• _The problem_
Using the data below, output a verbatim copy of the lines between the one holding "Amanpulo – Pamalican Island" and the one holding "La historia del futbolista de", inclusive, without any pictures.

• _Source information_
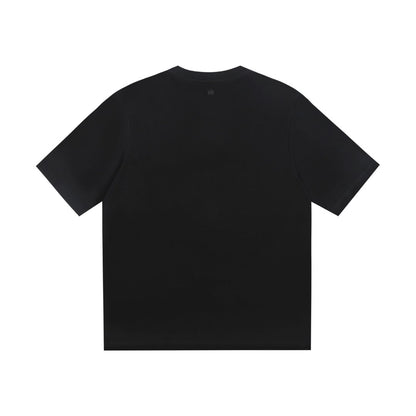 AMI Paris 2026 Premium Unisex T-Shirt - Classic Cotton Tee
...
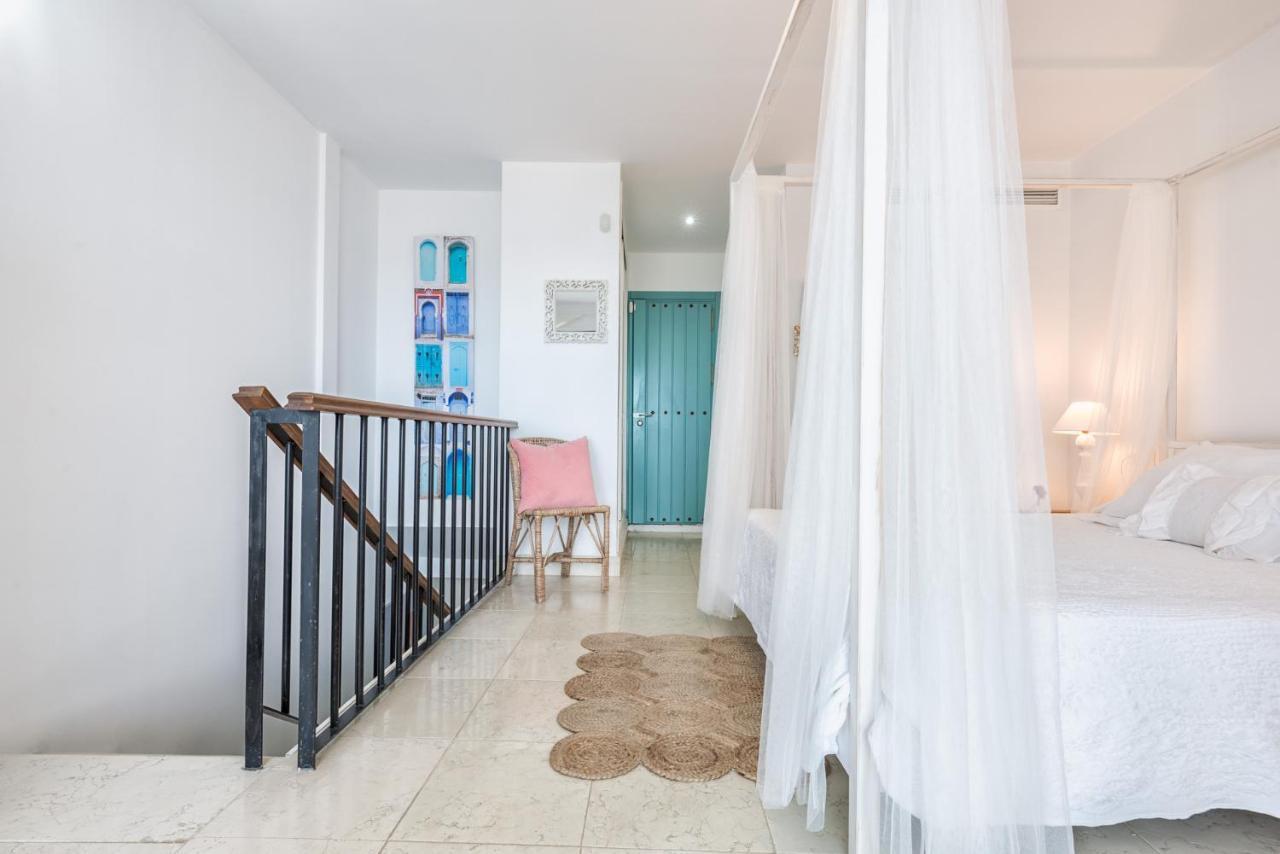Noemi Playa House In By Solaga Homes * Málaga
==
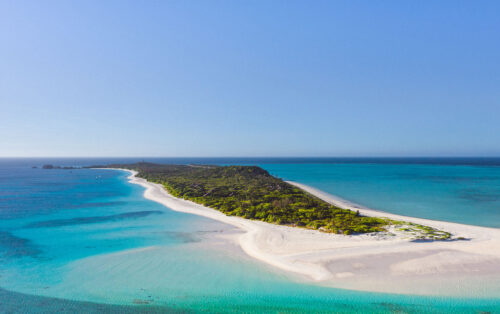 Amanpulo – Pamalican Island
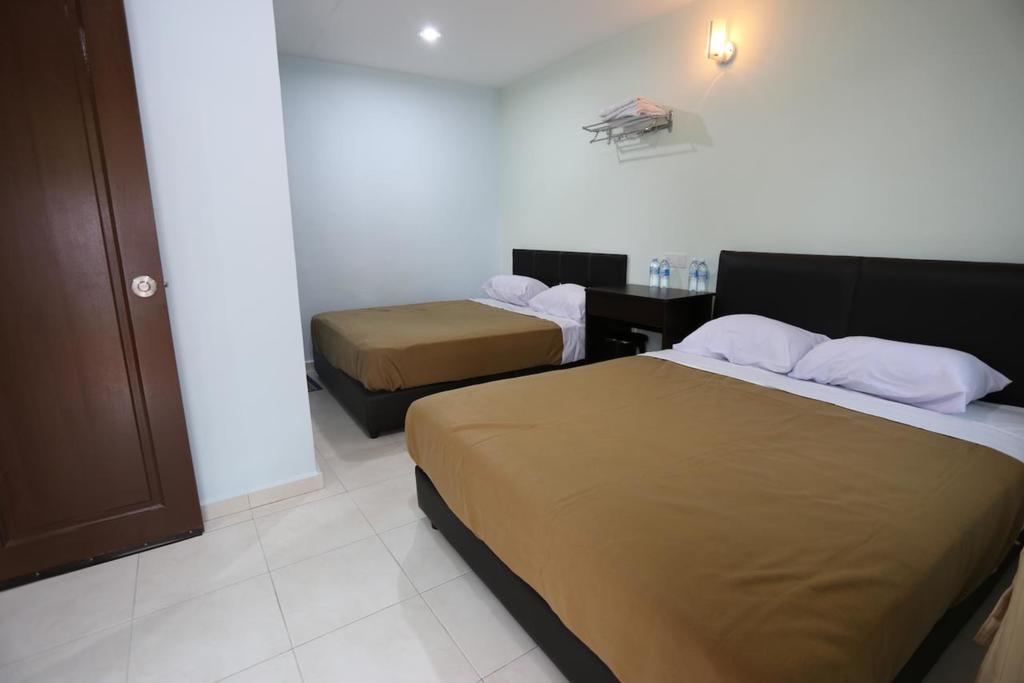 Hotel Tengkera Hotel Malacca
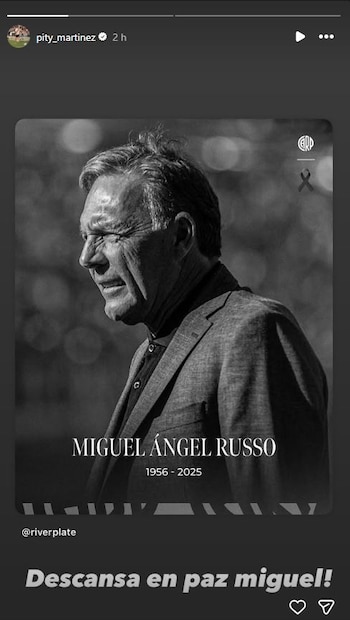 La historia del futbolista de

• _Response_
 Amanpulo – Pamalican Island
 Hotel Tengkera Hotel Malacca
 La historia del futbolista de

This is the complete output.